Is It Urgent or Is
by Robin L. Silverman
The other day I opened my Email and saw the word
"URGENT!" in the subject line of one of the
messages. I looked at it curiously, because this
individual, a business associate, knew from experience
that I would respond quickly to any message she sent. I
also knew that the challenge she and I were facing
together was important, but not life-threatening. So I
answered her question in the same polite and prompt
manner as I had been, adding as a P.S. "It’s not
necessary to write ‘URGENT’ in your subject line.
You know I always respond to you."
The incident gave me flashbacks to a salesperson who
also flagged every voicemail message she left me with
"URGENT!" in spite of the fact that she, too,
received timely and polite responses. I quickly learned
that she and I had very different definitions of what
"urgent" meant, which diminished all of her
communications to me. When our business was concluded, I
removed her name from my Rolodex.
However, both these women exhibited a trend that is
causing tremendous stress both at home and in the
workplace today. We think far too many things are
"urgent." We feel like they bearing down on
us, demanding answers. But are they really? Are we
really trapped, in danger or overlooked so frequently
that we must scream for help or response? Or are we in
simply perceiving ourselves into a state of unrelenting
Because I know how devastating stress can be to our
mental, physical and spiritual health, I found myself
asking, "What is ‘urgent’ anyway?"
I immediately flashed back to a wonderful dinner with
our friends Kitty and Mike, who have three very active
sons. As we were savoring our coffee, we suddenly heard
a crash so loud that I immediately jumped up from the
table to investigate.
Neither Kitty nor Mike looked up. "Where are you
going?" she asked gently.
"Didn’t you hear that???" I gasped,
anxiety dripping from every word as I imagined small
children trapped beneath heavy furniture.

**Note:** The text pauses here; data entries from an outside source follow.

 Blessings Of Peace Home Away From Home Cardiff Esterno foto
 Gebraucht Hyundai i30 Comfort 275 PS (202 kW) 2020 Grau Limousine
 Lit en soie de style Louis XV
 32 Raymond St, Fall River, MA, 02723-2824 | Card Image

She shrugged. "Did you hear a scream? Do you see
blood?" I had to admit that the answer to both
questions was no. She called downstairs.
"Boys?" There came a sheepish reply: "It’s
okay, Mom." She smiled at me. "Sit down and
enjoy your coffee."
After years of experience with her rambunctious
progeny, she knew what was urgent and what wasn’t.
Whatever had fallen, she would clean it up and/or fix
it. But without an immediate threat to life or limb, it
could wait until dinner was over.
Several years later, our region was devastated by one
of the worst floods in modern American history. Peoples’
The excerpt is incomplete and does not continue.